I'm in a hurry. Can multiple kdb processes write simultaneously to a splayed database?

Short answer: Yes, multiple processes can write to a database as long as the processes avoid concurrent write operations to the same table on the same partition. To see a significant speedup, you'll need to use segments.

With the exception of the ? operator, which can be used to provide concurrency protection for sym files, q processes do not coordinate file I/O operations in any way. Thus, kdb splayed table write operations require the same degree of care as ordinary file writes.

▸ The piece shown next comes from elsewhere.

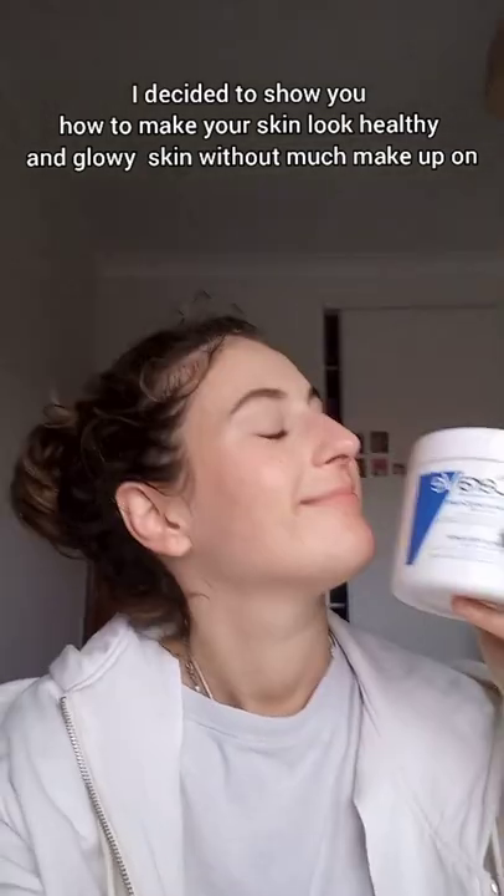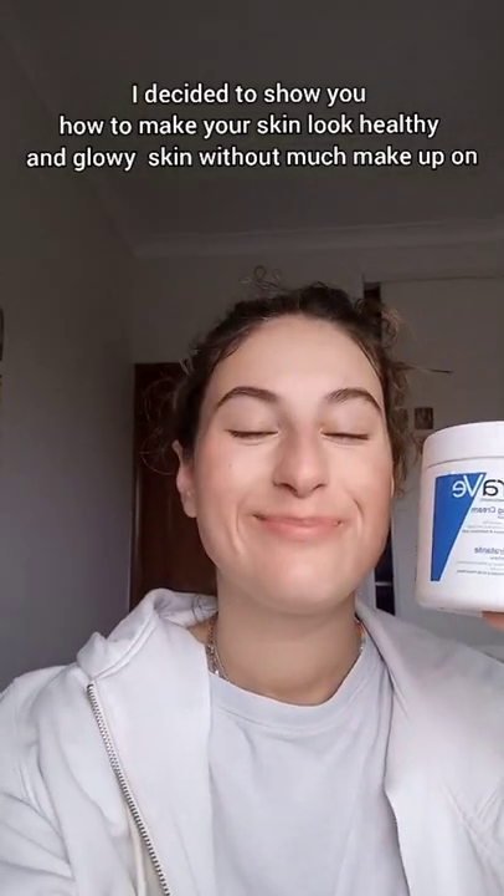First, moisturize, then mix up my Korean sunscreen, putting it on my hand with a little bit of foundation, mixing them together with a brush, and putting it all over my face.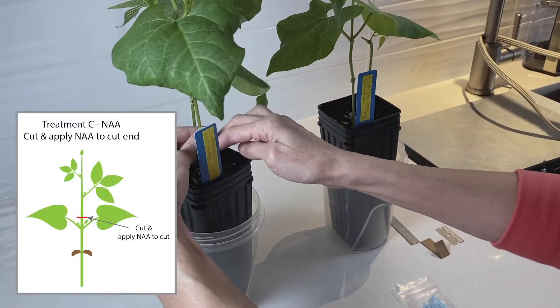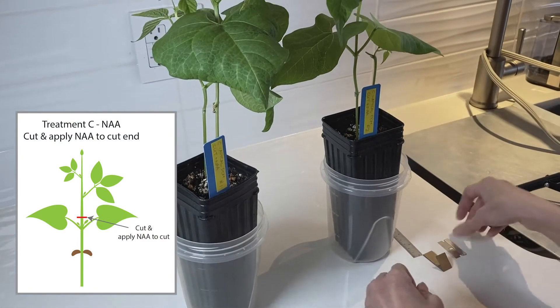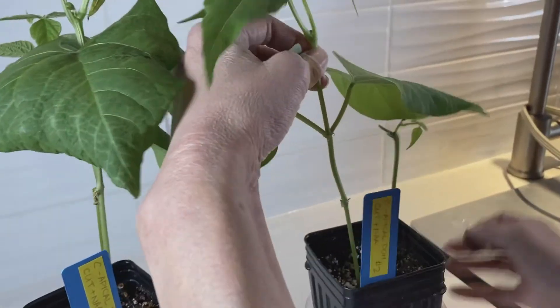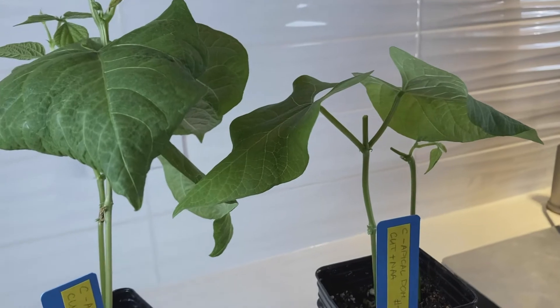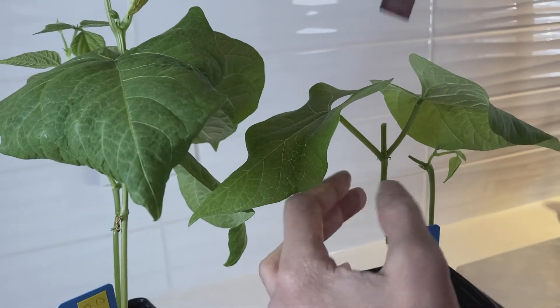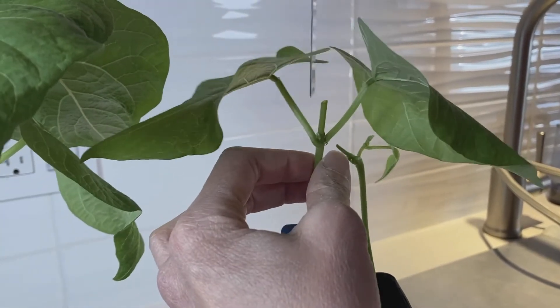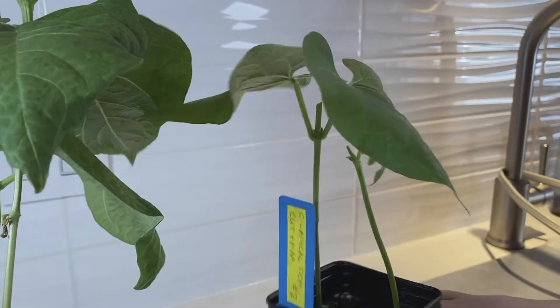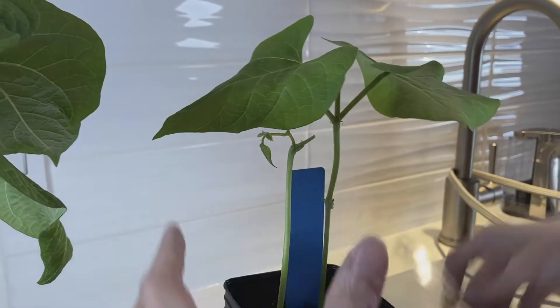For treatment C, we are also going to cut the stem about one centimeter above the primary node. We'll cut this one and discard that. Make sure you measure your lateral buds — these are quite small, so measure carefully and record it in your chart. The other lateral bud is easier to see on the other side, so measure that one too.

The mechanism to protect sym files, however, is used throughout the functions in the .Q namespace that pertain to writing splayed tables. So, you can use those functions to build a database faster by running multiple loader processes in parallel.

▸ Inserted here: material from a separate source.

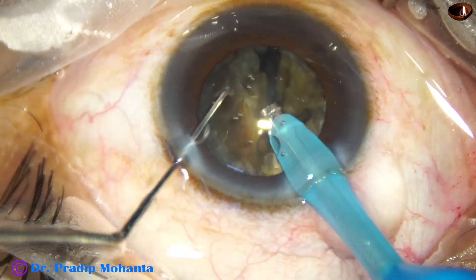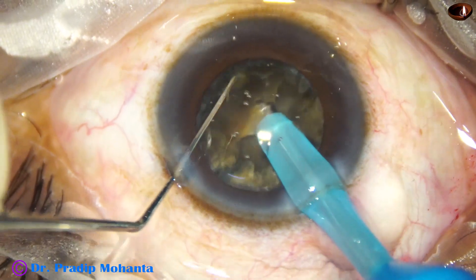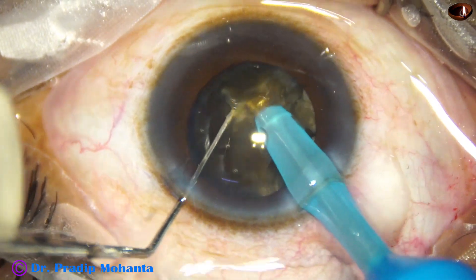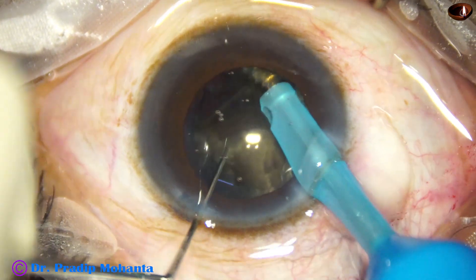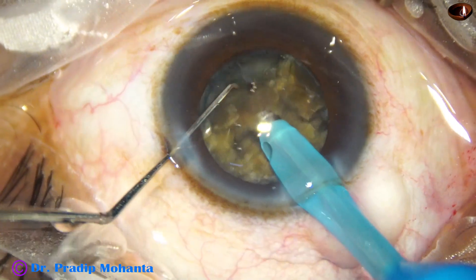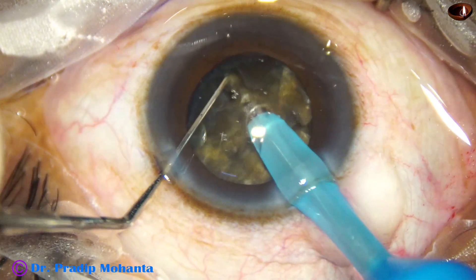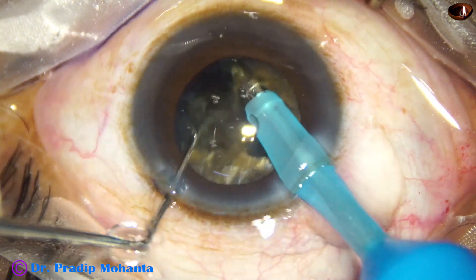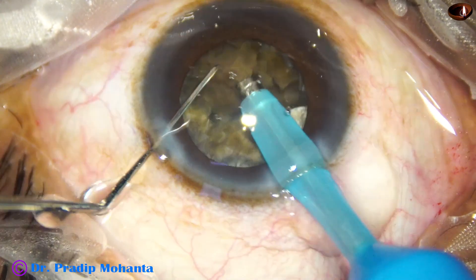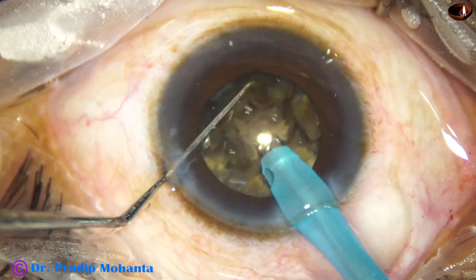And now I come to the other hemi-nucleus. The principle is the same — the FACO needle goes through the substance of the nucleus near the equator, and the chopper is used to divide the nucleus. And here it is: I have got six pieces out of this very hard nucleus.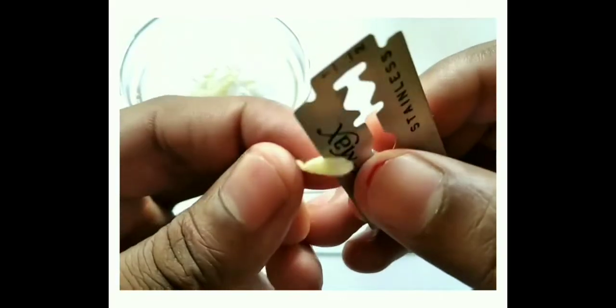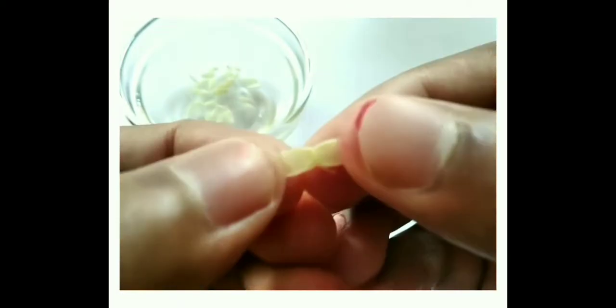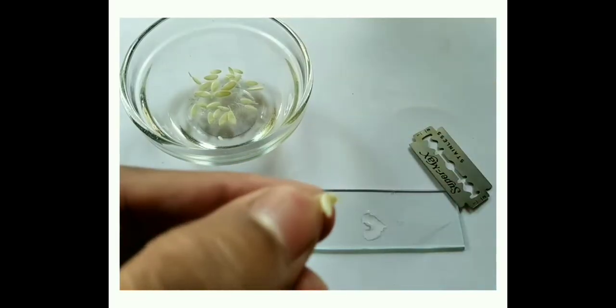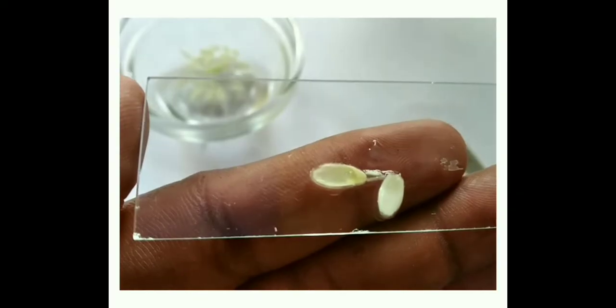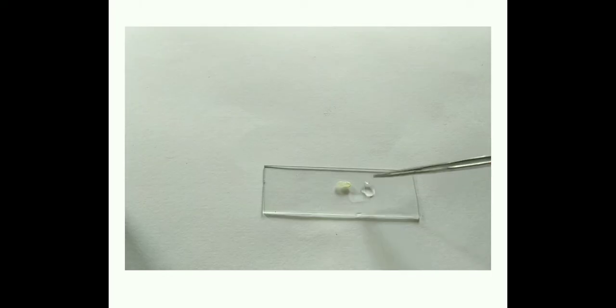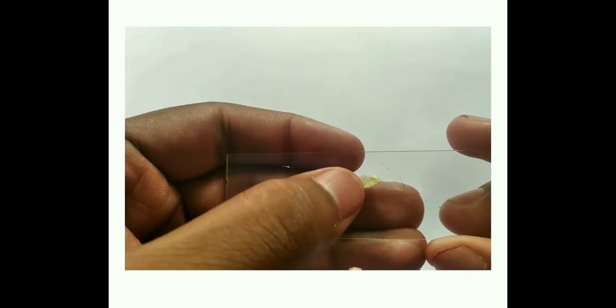The endosperm is generally present at the lower portion of the seed. Be careful — don't damage the endosperm. Here you can see a gelatinous mass present at the lower portion of the seed; that is the endosperm. Transfer this gelatinous mass to a clean glass slide, add a drop of water, and gently transfer the endosperm from the seed to the water with the help of a needle.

Example 1: Concurrent writes to the same table on the same partition. This means two processes are writing to the same (table column) files simultaneously, and that is not safe! The potential for corruption is high.

kdb_proc1: .Q.dpft[`:/vol/db; 2011.04.07; `sym; `t]
kdb_proc2: .Q.dpft[`:/vol/db; 2011.04.07; `sym; `t]

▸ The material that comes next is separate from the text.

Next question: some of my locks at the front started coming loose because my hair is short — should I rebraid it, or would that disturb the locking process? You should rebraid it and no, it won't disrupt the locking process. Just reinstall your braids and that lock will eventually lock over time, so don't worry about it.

Example 2: Concurrent writes to two different tables on the same partition. This is will not cause corruption.

kdb_proc1: .Q.dpft[`:/vol/db; 2011.04.07; `sym; `t]
kdb_proc2: .Q.dpft[`:/vol/db; 2011.04.07; `sym; `q]

Example 3: Concurrent writes to the same table on different partitions. This is also safe, with no potential corruption.

kdb_proc1: .Q.dpft[`:/vol/db; 2011.04.07; `sym; `t]
kdb_proc2: .Q.dpft[`:/vol/db; 2011.04.08; `sym; `t]

If the two partitions are on different I/O channels using segments, this last approach can be much faster than performing the writes serially.

Why doesn’t my query 'select from reallybigtable' ever return?

It's a valid query, but q will run out of memory before returning. You'll have to add some constraints to the query to reduce the size of the result set. Something like

select from reallybigtable where date = YYYY.MM.DD

would be a good start.

What should I know about the sym file, and why back it up?

In a partitioned database, the sym file is a string intern pool which grows every time a new distinct symbol is introduced and persisted to that database. The sym file cannot be regenerated (unless you know the exact order in which your data was loaded from the inception of your database) and does not automatically shrink when symbols are removed from the database.

See this solution to compacting a bloated sym file.

What does '\l .' or 'system “l ."' do?

Typically, it's used to reinitialize and alert an existing kdb process of a new partition. Note that command triggers the execution of any q scripts existing in the current working directory of the running kdb process.

This command allows kdb to continue running and servicing requests while a new partition is constructed. Running kdb remains unware of the new partition until the \l . command is issued.

See also: .Q.l

Why can’t I use exec on partitioned tables?

We don't know. We imagine that kx has something clever up their sleeve that hasn't been released yet. For now, just use exec select from tablename.